Starting at the first line of the entries, extract each line up to and including the one that contains "shell and mermaid necklaces together", but leave out the pictures.

════════

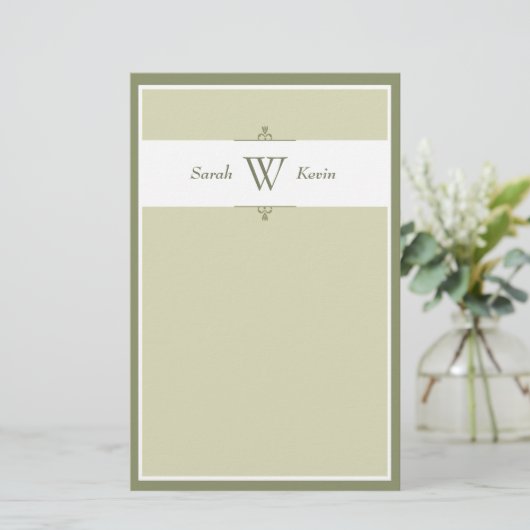Sage Monogram文具 便箋 (スタンド正面)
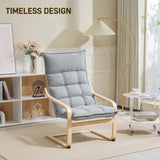 Modern Armchair, Upholstered Accent Chair with Curved Leg and Arm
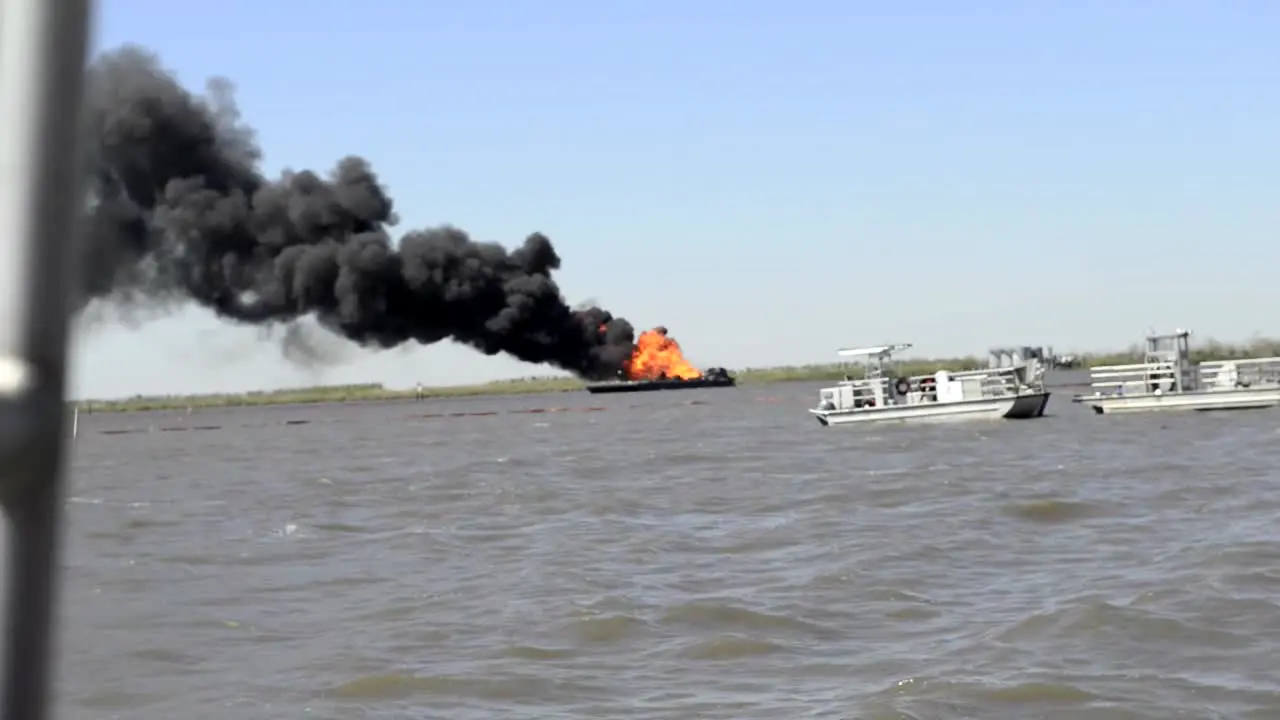 A Ship Burns Along A Shore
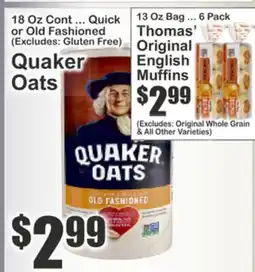 Food Universe Quaker Oats, Thomas' Original English Muffins offer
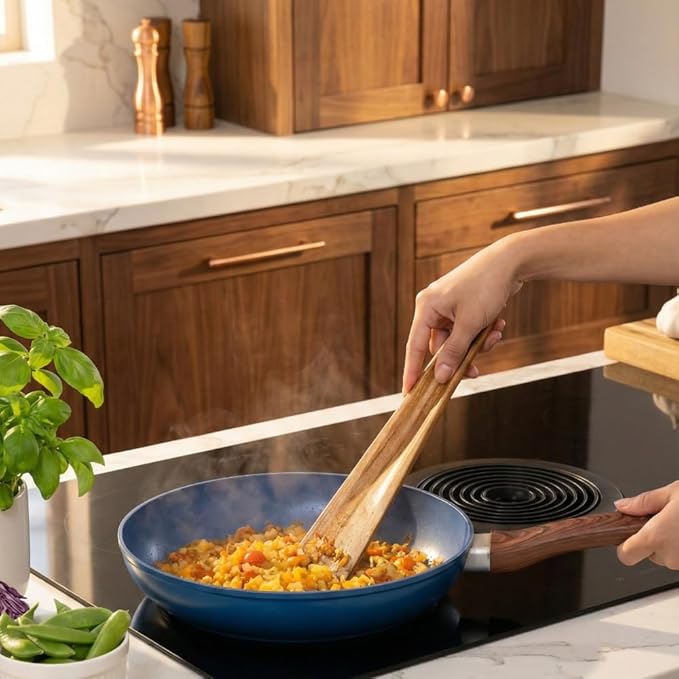 SLATE & ROYCE Wooden Spoon and Spatula Set, 2-Piece Non-Toxic Acacia Wood - Image 4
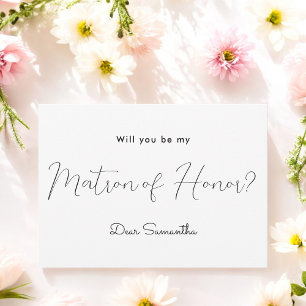 Matron of Honor Black White Invitation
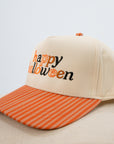 Happy Halloween snapback trucker hat with embroidered design, Adjustable Halloween trucker hat with snapback closure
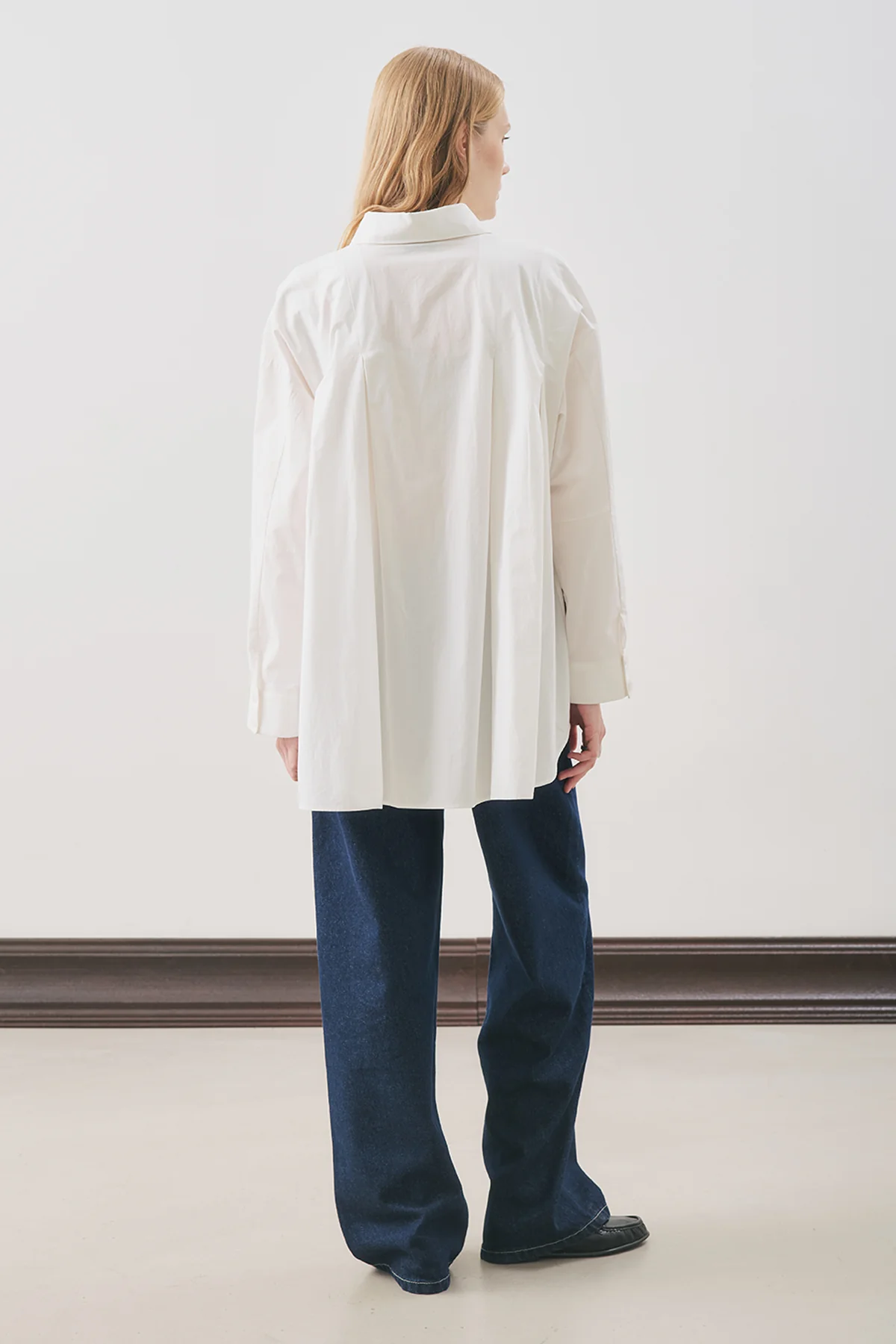 Panelled Design Shirt Ecru - Image 8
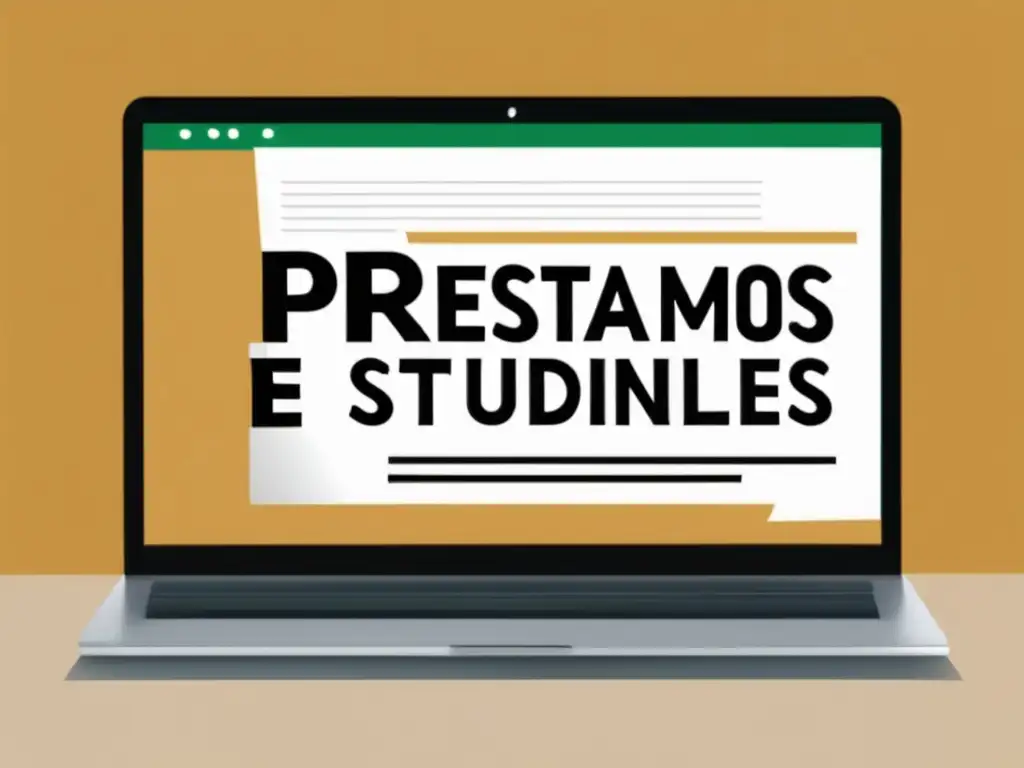 Laptop con form Préstamos Estudiantiles Laptop moderno con documentos: Préstamos Estudiantiles Sin Aval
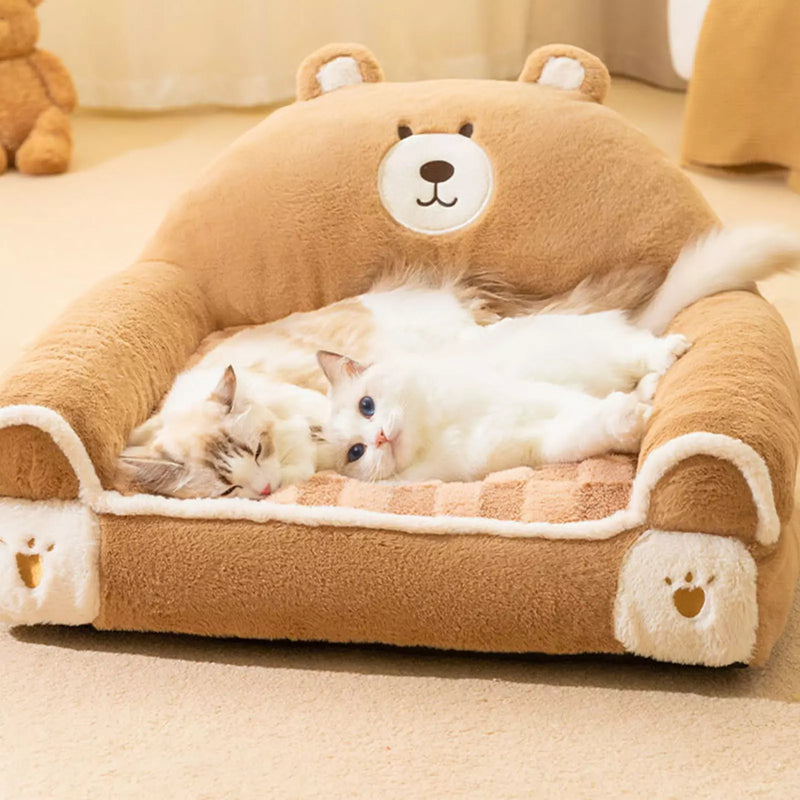 Sofá Cama Pet Bear com Capa Removível - Design Ergonômico para Cães e Gatos
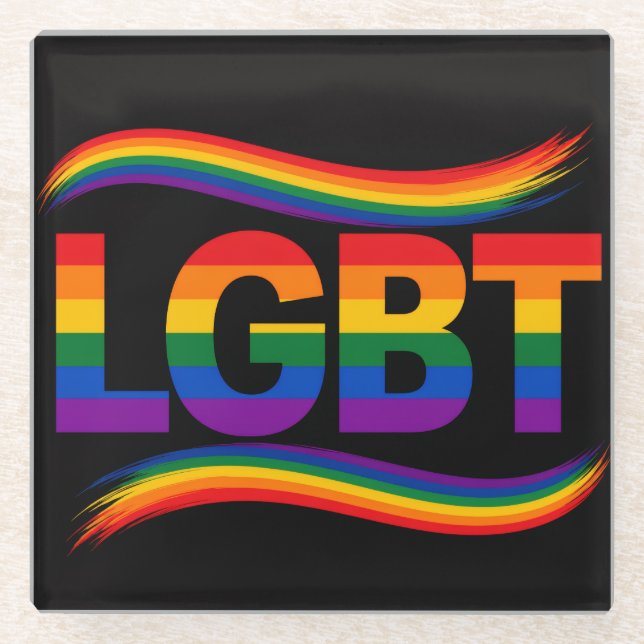 LGBT Rainbow Pride Glass Coaster (Front)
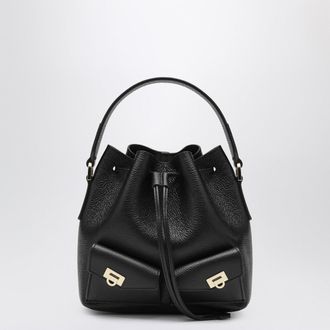Ferragamo Black multipocket bucket bag in hammered leather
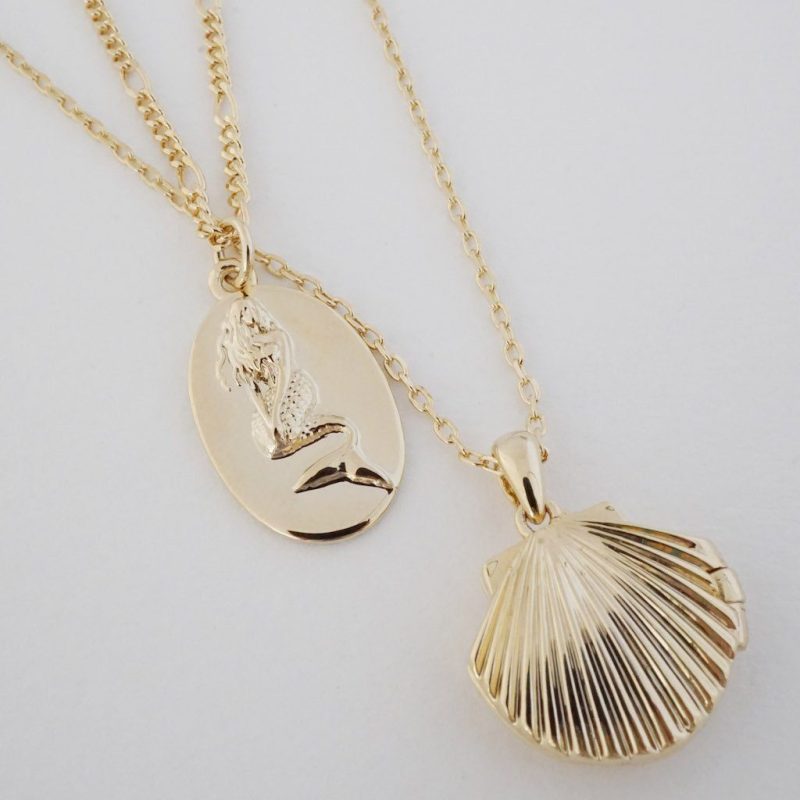 shell and mermaid necklaces together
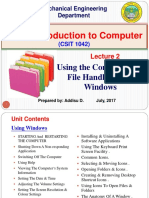 Lecture 2. Using the Computer and File Handling With Windows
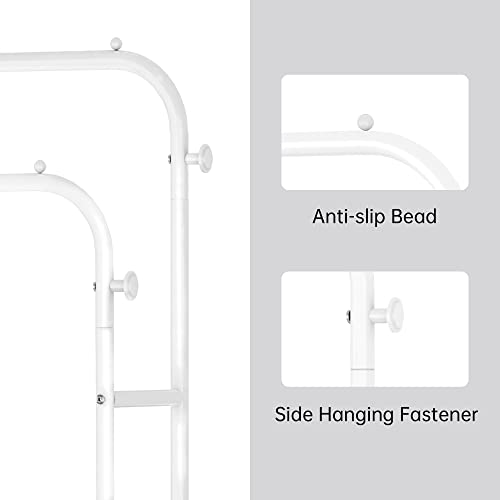 JOISCOPE ハンガーラック おしゃれ 衣類ラック 洋服ラック はんがーラック 多機能収納 組立簡単 耐久 頑丈 105*38*155CM 耐荷重は20Kg 双極単層 ホワイト [5]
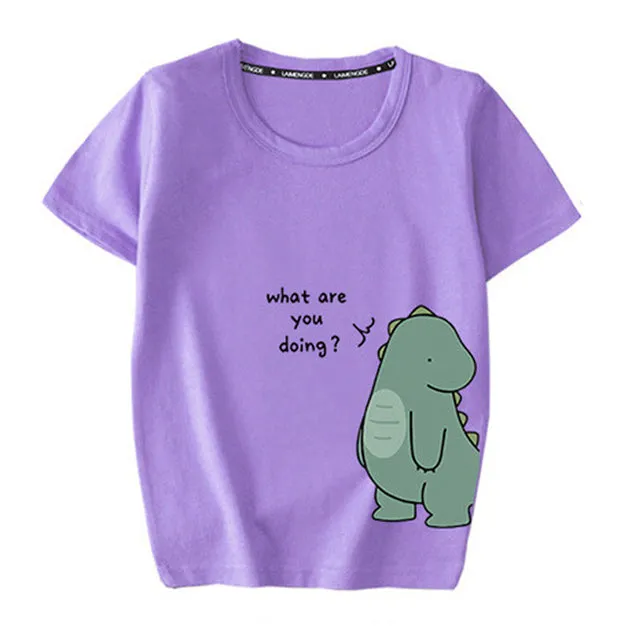 Dinosaur Printing Couple T Shirts Family Matching Clothing Cotton Soft Comfortable Short Sleeves Top Tee Family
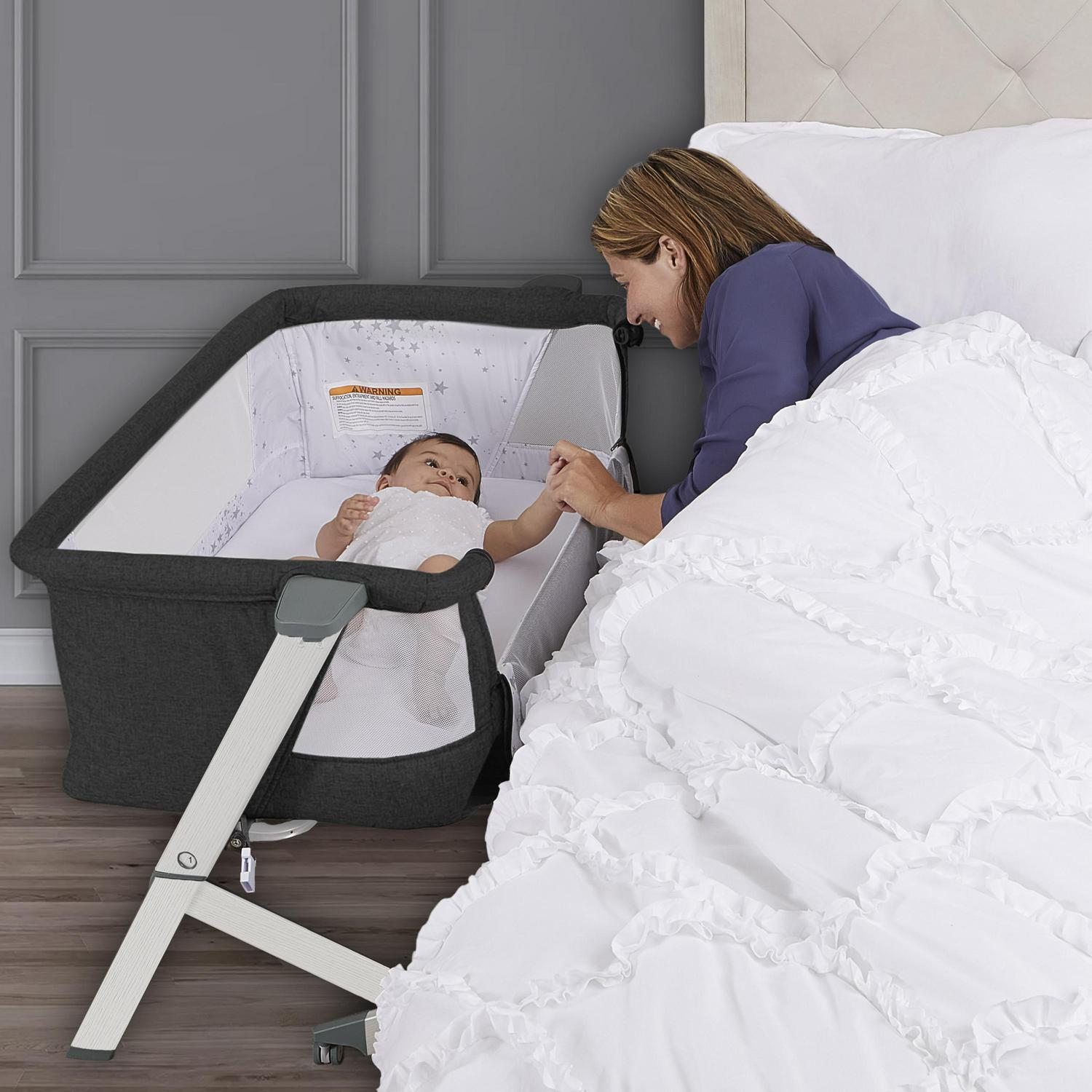 Evolur Stellar Bassinet and Bedside Sleeper in Black - Image 11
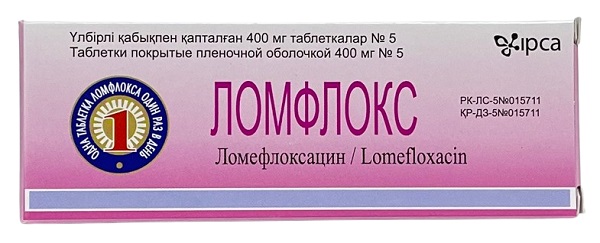 Ломфлокс табл. 400 мг №5 ( ломефлоксацин )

════════

| ANSWER BELOW |
Sage Monogram文具 便箋 (スタンド正面)
 Modern Armchair, Upholstered Accent Chair with Curved Leg and Arm
 A Ship Burns Along A Shore
 Food Universe Quaker Oats, Thomas' Original English Muffins offer
 SLATE & ROYCE Wooden Spoon and Spatula Set, 2-Piece Non-Toxic Acacia Wood - Image 4
 Matron of Honor Black White Invitation
 Happy Halloween snapback trucker hat with embroidered design, Adjustable Halloween trucker hat with snapback closure
 Panelled Design Shirt Ecru - Image 8
 Laptop con form Préstamos Estudiantiles Laptop moderno con documentos: Préstamos Estudiantiles Sin Aval
 Sofá Cama Pet Bear com Capa Removível - Design Ergonômico para Cães e Gatos
 LGBT Rainbow Pride Glass Coaster (Front)
Ferragamo Black multipocket bucket bag in hammered leather
 shell and mermaid necklaces together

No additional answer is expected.